34 As expressed in the preamble to the PSEA, the exercise of discretion in staffing within the public service must be characterized by fair and transparent employment practices (see Tibbs at para. 64). The appointment values of fairness and transparency are also set out in the PSC Appointment Policy - General.

35 In this case, it was unfair to reopen the process only for one candidate. Furthermore, the respondent could not reopen the process secretly without telling anyone. This contravened the value of transparency.

 

[65] The complainant also relies on Lavigne v. Canada (Deputy Minister of Justice), 2009 FC 684, which held that the broad powers conferred under the PSEA are not limitless and must be applied in a manner that reflects the intent of the PSEA as expressed in its preamble (see paragraphs 58 and 59).

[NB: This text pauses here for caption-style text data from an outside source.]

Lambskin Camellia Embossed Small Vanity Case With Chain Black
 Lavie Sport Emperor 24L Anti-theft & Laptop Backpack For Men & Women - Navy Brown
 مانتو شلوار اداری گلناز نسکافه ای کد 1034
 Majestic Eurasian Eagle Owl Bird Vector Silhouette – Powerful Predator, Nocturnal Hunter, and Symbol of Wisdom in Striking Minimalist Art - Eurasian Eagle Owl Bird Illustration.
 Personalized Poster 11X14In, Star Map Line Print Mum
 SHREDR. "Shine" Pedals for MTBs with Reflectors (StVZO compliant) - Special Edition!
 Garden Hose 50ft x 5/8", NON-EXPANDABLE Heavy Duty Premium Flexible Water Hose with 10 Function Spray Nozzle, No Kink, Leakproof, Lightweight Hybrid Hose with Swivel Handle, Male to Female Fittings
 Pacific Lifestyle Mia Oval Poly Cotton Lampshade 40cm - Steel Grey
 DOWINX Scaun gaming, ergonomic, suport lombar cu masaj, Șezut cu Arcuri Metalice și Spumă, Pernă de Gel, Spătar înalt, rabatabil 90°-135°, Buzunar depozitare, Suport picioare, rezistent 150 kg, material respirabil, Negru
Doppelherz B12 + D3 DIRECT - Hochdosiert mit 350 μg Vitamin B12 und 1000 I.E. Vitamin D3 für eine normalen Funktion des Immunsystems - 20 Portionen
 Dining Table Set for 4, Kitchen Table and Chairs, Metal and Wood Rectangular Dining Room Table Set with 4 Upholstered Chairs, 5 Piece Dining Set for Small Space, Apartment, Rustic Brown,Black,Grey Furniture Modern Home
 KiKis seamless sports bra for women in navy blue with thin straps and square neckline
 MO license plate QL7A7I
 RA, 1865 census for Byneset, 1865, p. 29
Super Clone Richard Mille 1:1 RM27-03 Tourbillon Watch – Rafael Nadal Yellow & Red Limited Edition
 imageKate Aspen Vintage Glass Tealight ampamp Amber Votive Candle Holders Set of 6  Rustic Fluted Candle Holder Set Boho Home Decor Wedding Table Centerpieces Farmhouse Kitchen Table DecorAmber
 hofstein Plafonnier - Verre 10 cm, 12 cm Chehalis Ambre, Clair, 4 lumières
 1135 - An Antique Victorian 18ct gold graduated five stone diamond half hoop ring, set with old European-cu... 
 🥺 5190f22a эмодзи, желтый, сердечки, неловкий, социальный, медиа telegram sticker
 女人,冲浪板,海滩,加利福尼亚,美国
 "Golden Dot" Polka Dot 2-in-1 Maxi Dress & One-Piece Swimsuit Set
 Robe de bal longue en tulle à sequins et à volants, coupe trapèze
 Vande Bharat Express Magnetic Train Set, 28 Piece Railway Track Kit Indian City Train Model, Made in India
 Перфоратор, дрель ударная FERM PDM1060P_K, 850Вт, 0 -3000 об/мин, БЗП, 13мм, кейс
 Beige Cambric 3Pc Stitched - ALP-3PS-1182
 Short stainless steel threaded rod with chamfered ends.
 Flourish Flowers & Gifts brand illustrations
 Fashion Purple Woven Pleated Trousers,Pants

[66] The preamble of the PSEA includes the following statements of relevance:

[…]

delegation of staffing authority should be to as low a level as possible within the public service, and should afford public service managers the flexibility necessary to staff, to manage and to lead their personnel to achieve results for Canadians; and

que le pouvoir de dotation devrait être délégué à l’échelon le plus bas possible dans la fonction publique pour que les gestionnaires disposent de la marge de manoeuvre dont ils ont besoin pour effectuer la dotation, et pour gérer et diriger leur personnel de manière à obtenir des résultats pour les Canadiens;

the Government of Canada is committed to an inclusive public service that reflects the diversity of Canada’s population, that embodies linguistic duality and that is characterized by fair, transparent employment practices, respect for employees, effective dialogue, and recourse aimed at resolving appointment issues ….

que le gouvernement du Canada souscrit au principe d’une fonction publique inclusive qui reflète la diversité de la population canadienne, qui incarne la dualité linguistique et qui se distingue par ses pratiques d’emploi équitables et transparentes, le respect de ses employés, sa volonté réelle de dialogue et ses mécanismes de recours destinés à résoudre les questions touchant les nominations […]

 

[67] The respondent argues that the complainant did not establish on a balance of probabilities the presence of an abuse of authority. In support of its argument, it also relies on Appleby v. Deputy Head of the Royal Canadian Mounted Police, 2021 FPSLREB 142; Clout v. Deputy Minister of Public Safety and Emergency Preparedness, 2008 PSST 22; Jarvo v. Deputy Minister of National Defence, 2011 PSST 6; Mahakul v. Deputy Minister of Transport, Infrastructure and Communities, 2011 PSST 23; Patton v. Deputy Minister of National Defence, 2011 PSST 8; Vaudrin v. Deputy Minister of Human Resources and Skills Development Canada, 2011 PSST 19; and Visca v. Deputy Minister of Justice, 2007 PSST 24.

[68] The respondent argues that Mr. Mahneke gave a reasonable justification for his decision to require a 150 GT certificate as an essential qualification in these cases. It argues that the transparency requirement was met when it posted the notifications in advance of the appointments.

[69] For the reasons that follow, I agree.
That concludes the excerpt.